COVID-19 Advisory

Best of Birding


How many times have you been peacefully strolling through a still wilderness only to discover, you’ve been completely engrossed in the universe as it is right now? There are no thoughts nor desires – just the birds and the present. Here’s a tale of Sidra Monreal, a Boulder, Colorado-based travel and wildlife photographer who had an experience, experience that changed her perspective towards life, to appreciate every life around.  

Recollecting, the first time I encountered birders. Being focused about my search for ginormous animals, ready with fingers positioned to capture them in camera roll. In the lush Okonjima Nature Reserve, South Africa, I was partnered in a Land Rover with an old British couple who, when asked by our guide about their interests, replied “birds” swiftly and simultaneously. 

Image by Sidra Monreal, cntraveler–  A southern masked weaver in South Luangwa National Park, Zambia 

The southern masked-weaver is polygynous (the breeding practice of a male, breeding with more than one female at the same time) and colonial. In his territory, the male may have up to 12 breeding females. The southern masked weaver will build a nest and seek to attract a female. 

“Oh my!” said the man. “Stop, stop, stop!  I looked for a cheetah, a jackal, or, most ambitiously, an elephant shrew on the horizon, only to discover them pointing towards a hazy object on a far limb. Our guide tilted his head to the side and lifted his binoculars, listening to the bush’s symphony and picking out a call to confirm his immediate diagnosis. “Ah!” he said, patting his ear in affirmation. “Purple-backed starling,” “Wonderful sighting!” The British seemed ecstatic. I photographed the small bird against a foggy background, his fluffed up white breast feathers contrasted with the rich violet of his back, and he fluttered to a nearby limb where I could really appreciate him. 

Image by Sidra Monreal, cntraveler A magpie shrike in Kruger National Park, South Africa.   

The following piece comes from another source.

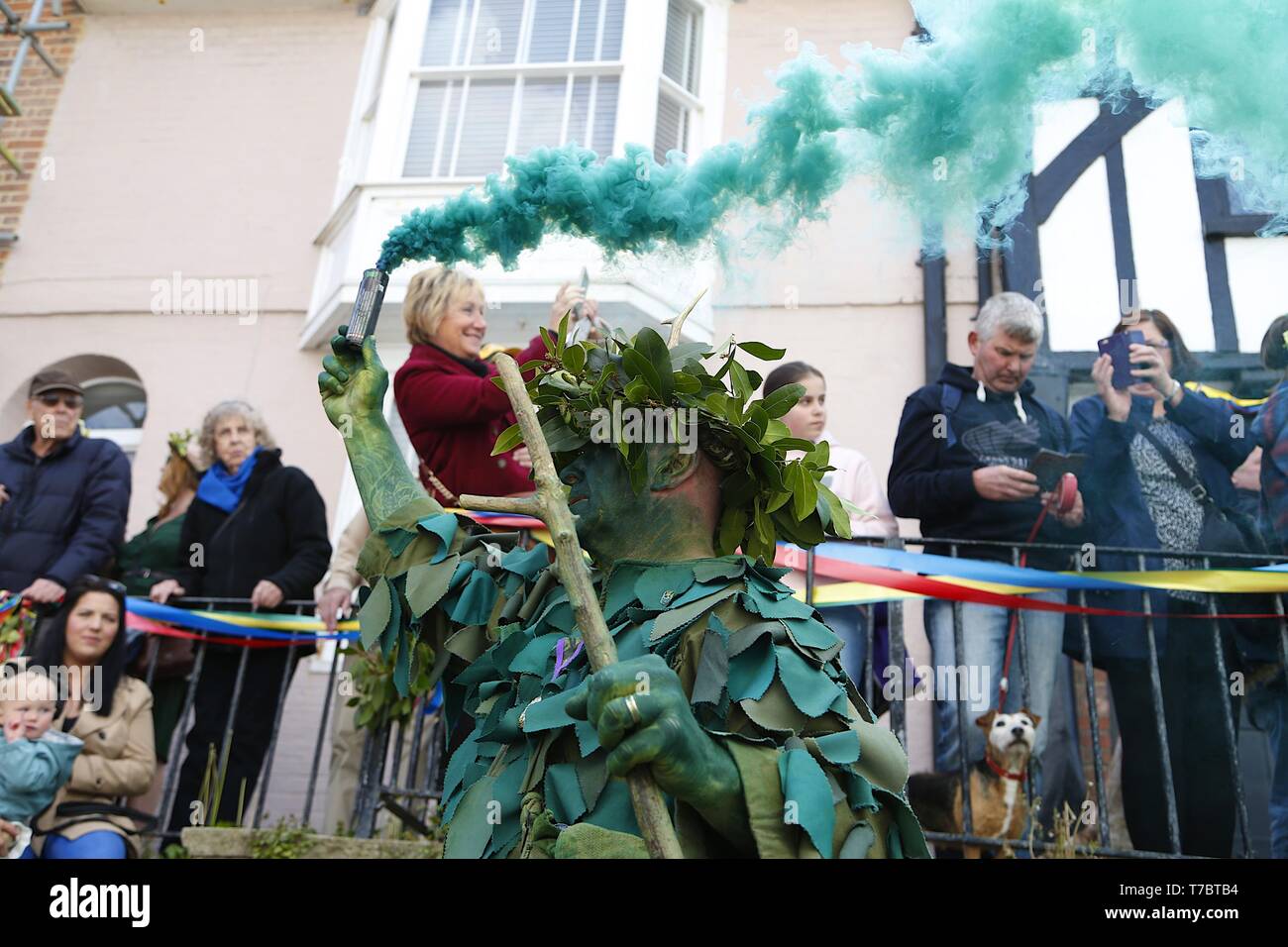 Hastings, East Sussex, UK. 06 Mai, 2019. Die Buchse im Grünen Festival ist eine jährliche Veranstaltung, die stattfindet, in den verschiedenen Teilen der Badeort Hastings in East Sussex, Es ist eine 4-Tages Veranstaltung und zieht Tausende jedes Jahr. Eine wirklich tolle Atmosphäre für Familien und Menschen jeden Alters mit Tanz, Musik und Events überall in der Stadt. Heute Feiertag Montag ist der Höhepunkt der Veranstaltung. Das Festival feiert die Ankunft des Sommers. Credit: Paul Lawrenson 2019, Foto: Paul Lawrenson/Alamy leben Nachrichten Stockfoto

The Magpie Shrike is a noisy bird with wide repertoire of sounds used in complex social behaviour. As territorial calls, it emits loud, mournful whistles “kee-oo, kee-oo.” Occasionally, many birds will call at the same time. The alarm sound is a scolding “chack” or “tchzzrr 

As the trip progressed, I took advantage of the couple’s interest, capturing a variety of birds that my inexperienced eyes would have missed. The diversity of colors and forms found in Namibia’s bird life was incredible, and at each stop, we witnessed behaviors exclusive to that species, and sometimes even more specifically, to their sex and age. I realized, something within me changed. I was more alert to appreciate the intricacy around. Awestruck, I wanted to appreciate every life I came across. 

Do you recall a time when you were first fully entranced by the outdoors? Was there a defining moment that transformed you into a passionate observer nature? This memory was a spark moment. For birders, the concept of a spark moment is especially true. A “Spark Bird” is the bird that helped spark your interest in birding. For me, Purple-backed starling allured me into birding. 

Image by theflacks 

The purple-backed starlings don’t create as much noise as others, and they’re monogamous, meaning they’ll stay together until their spouse dies. 

Returning home, with the urge to know more, I quickly ordered Robert’s Bird Guide, renowned bird’s guide in South Africa. I was intrigued to Jot down how many birds I came across, but also how many I didn’t. 

Have you ever stopped to watch to a meadowlark sing or see a bald eagle swoop down to grab a fish? Take a minute to observe the next time a bird passes overhead. Even in the slow times, there are living, breathing things to be enthusiastic about, whether it’s a modest pigeon at the foot of the Sacré-Cour in Paris or a dazzling quetzal in the woods of Costa Rica

Image by Sidra Monreal, cntravelerA lilac-breasted roller in Kruger National Park, South Africa.

Lilac- Breasted Roller, this species is officially considered the national bird of Kenya, a county in Eastern Africa. 

“There are approximately ten thousand species of birds on the planet and no single individual has seen them all.” ― Bernd Brunner. Birds exist in pretty every city and country, although certain places are recognized for their unique species and exceptional birding experiences. Not only does observing birds teach us about their fascinating habits and features, but the activity also helps us slow down the pace of life and appreciate the nature that surrounds us. Costa Rica is famous with birdwatchers as a place to see winged beasts. The Wilson Botanical Gardens in the south, where more than 300 bird species have been recorded, and Curi- Cancha Reserve, where you can spy motmots and trogons while walking seven kilometers of pathways. South Georgia, Kruger National Park, South Africa are another stops to count for the incredible birding experiences.